It was also during this time that Ross Hicks and Mary Spencer Hicks of Gordo, Alabama welcomed the birth of their twin daughters. The parents were hardworking sharecroppers. Their days started very early in the morning and often concluded well into the evenings. Farming was a way of survival. Life was hard living in rural Alabama.


Prior to this birth, there were no baby showers where friends and family members gathered to enjoy such a joyous occasion. There were no gifts registries for strollers, no cute little bunny toys or no cute pink or blue baby outfits, for that matter no hospital staff scurrying around spreading the good news.


Was there even an official recording of this birth? Not that anyone can remember, but family stories and a Bible provide information that this birth occurred in early April of circa 1900. The parents weren’t provided family leave to care for their small bundles. There were no young cousins vying to babysit. No, this was just a young, loving family that consisted of five brothers and these new babies.


With poor health conditions during this time one can only imagine the type of care provided for African American children. In a home where there were already several other children, little time was devoted to mourning when one of these small children did not survive the times. Yet, as the saying goes, only the strongest survived. Young Adell did just that. As time went by, Mary Spencer Hicks silently mourned the death of her baby. This mourning had a devastating effect on Mrs. Hicks and eventually led to her death.

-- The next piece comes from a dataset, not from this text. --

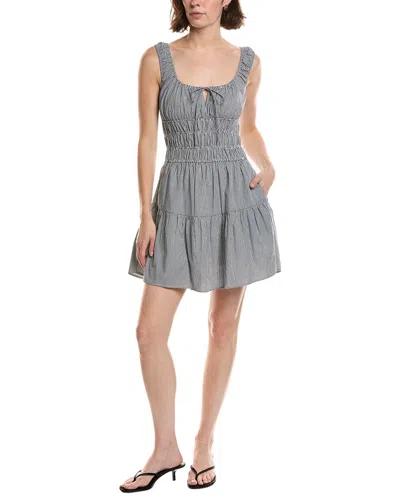 Nia Salt Mini Dress In Black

Unable to bear the death of his wife, Mr. Hicks decided that he was not able to care for his family alone and decided to leave the upbringing of his children to his wife’s brother and his wife. Ben and Lula Spencer did all that they could to properly raise these children. They taught these young nieces and nephews the art of farming and raising crops that would sustain the family. Having children of their own, the couple needed someone to take care of their children while they continued to work the fields. Young Adell, at a very young age, was put in charge of watching out for these children. She did the cooking, washing and the overall care giving of her cousins.


This care giving left little or no time for Adell to continue her education. As she continued to grow, she and her cousins worked in the fields dropping seeds behind her uncle’s mule. She learned at an early age to plow and work very hard. She helped raise everything that could be raised on a farm.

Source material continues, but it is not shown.